I imagine that a God that knows my outcome would delight in my journey all the more. May it be my life’s mission to race toward Jesus in the same way. Arms flailing behind me, feet stumbling but never stagnant, running hard after Him each and every day. 




Reflect

1. Do you run like Griffy? Why or why not? What are you chasing after? What are you stumbling over? How easy is it for you to get up and try again? 

2. Compare the verse found in 1 Corinthians 9:24-27 to the statements made in this week’s blog. According to scripture, what ought to be our aim? How can we re-focus that aim daily? 

Do you not know that in a race all the runners run, but only one receives the prize? So run that you may obtain it. Every athlete exercises self-control in all things. They do it to receive a perishable wreath, but we are imperishable. So I do not run aimlessly; I do not box as one beating the air. But I discipline my body and keep it under control, lest after preaching to others I myself should be disqualified. 
1 Corinthians 9:24-27



Do Something

1. Go out in your front yard and run within your ability. Just get out there and run to your fence and back! Or try around the block. Feel the wind on your face. Can’t run? Go drive with the windows down and be reckless for a little bit. Ask God to breathe life into your dark places and over your worries. 
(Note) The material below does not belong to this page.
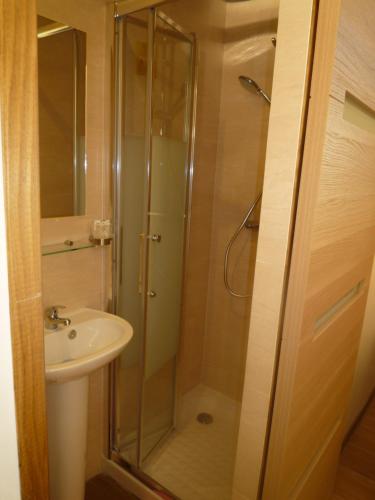 尼斯亚度尼斯公寓式酒店的带淋浴和盥洗盆的浴室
2. Make a list of some areas in your life in which you’d be better served running to Jesus instead of running yourself ragged. What plans have become obstacles for you? 

3. Read through these verses on running and jot down what they show you about Jesus and His love for you. Can you think of some more verses to add to this list? 

  • Hebrews 12:1
  • Proverbs 18:10
  • Luke 12:30
  • 1 Corinthians 9:24-26
  • 2 Samuel 18:23
  • Psalms 147:15
  • Proverbs 4:12
  • Isaiah 40:31
Listen

Run to the Father- Cory Asbury 




Forever Reign- Hillsong Worship




Let It Happen- United Pursuit feat. Andrea Marie 

Pray

Jesus, 
Help me to feel Your delight in me as I stumble and stagger in my unabandoned pursuit of You. Remind me that you're with me, laughing alongside me. Loving me ever more.